You may be a smoker and not even know it

Will Parliament pass the Tobacco Control Bill in its current form? (Photo Credit: WHO)
©WHO Study backs proposed smoking ban
©WHO Study backs proposed smoking ban

The Human Sciences Research Council (HSRC) recently conducted a national study among 25,532 people to track patterns of disease and death, as well as risk factors for both. As part of the study, about half of participants also underwent a physical examination, and about a quarter completed both a physical exam and submitted blood samples.

Researchers found that while only about 16 percent of the study reported being current smokers, elevated blood levels of cotinine – a chemical found in tobacco – were present in almost a third of all participants. High cotinine levels in non-smokers indicate dangerous exposure to tobacco smoke through occasional smoking, use of other tobacco products or second-hand smoke.

According to Deputy HSRC Executive Director Priscilla Reddy, second-hand smoke is responsible for ten percent of the six million tobacco-related deaths recorded worldwide each year. She added that children are especially vulnerable.

Minister of Health Dr Aaron Motsoaledi has proposed an amendment to the current Tobacco Control Act that will ban smoking in all public places,including outdoor restaurants and beaches. The public smoking ban is expected to come into effect before the end of this year.

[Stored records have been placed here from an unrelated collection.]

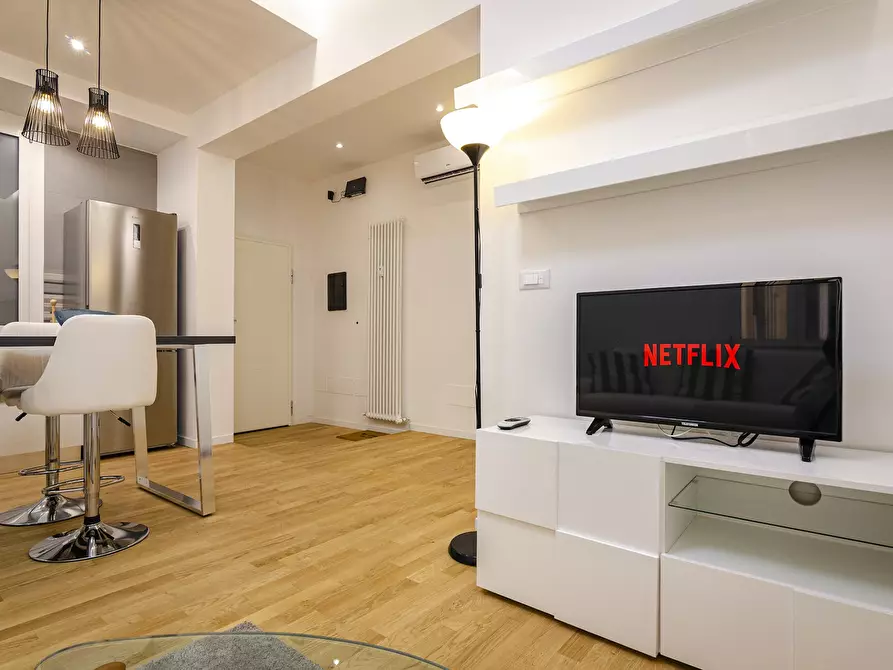 Immagine 10 di Appartamento in affitto  in Via Luigi Carlo Farini a Bologna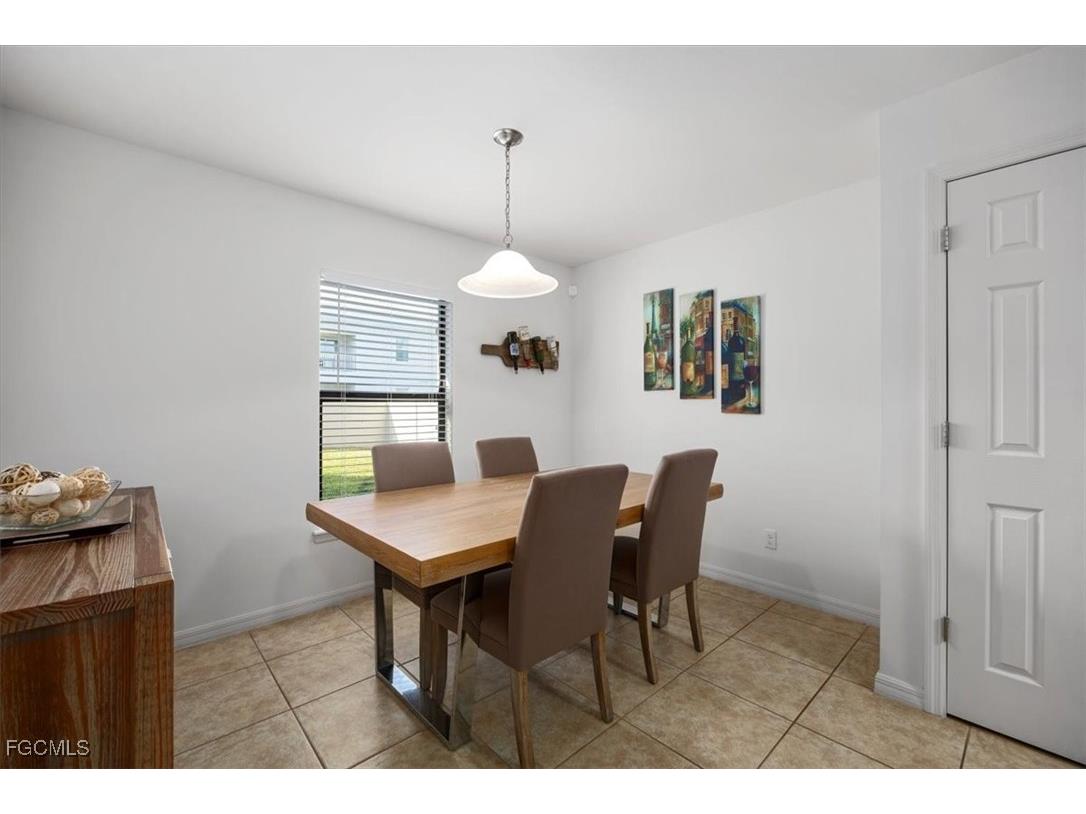 3818 SW 15th Place Cape Coral FL 33914 2025024955 image12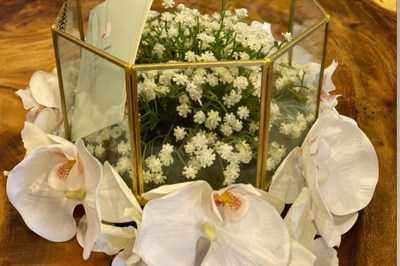 لمسة بالون للورود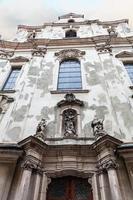 fachada de la iglesia de st. john y loreto, brno foto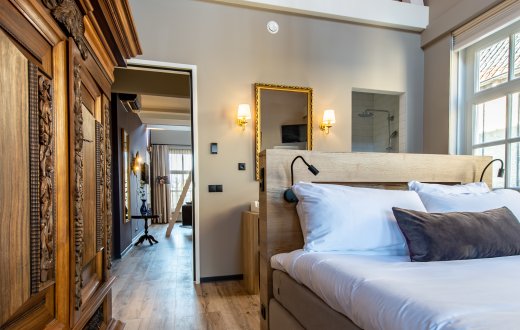 Mondragon Suite KPH bedroom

According to Reddy, this may address a current gap in legislation.

“There is a gap in the enforcement of the law that results in people being exposed to tobacco smoke in public places,” said Reddy, referring to that fact although the law limits smoking to designated areas, this is often not enough to prevent non-smokers from being exposed to second-hand smoke. “[The results of this study] strongly suggest that there is an urgent need to protect the public by a 100 percent ban on smoking in public places.”

The HSRC study also found that almost half of all current smokers had tried to quit and that an equal proportion reported warning labels on cigarettes made them think about quitting. Overall, the study found that the number of people who smoked had also fallen by about 50 percent since the study was first conducted in 1993. – Health-e News Service.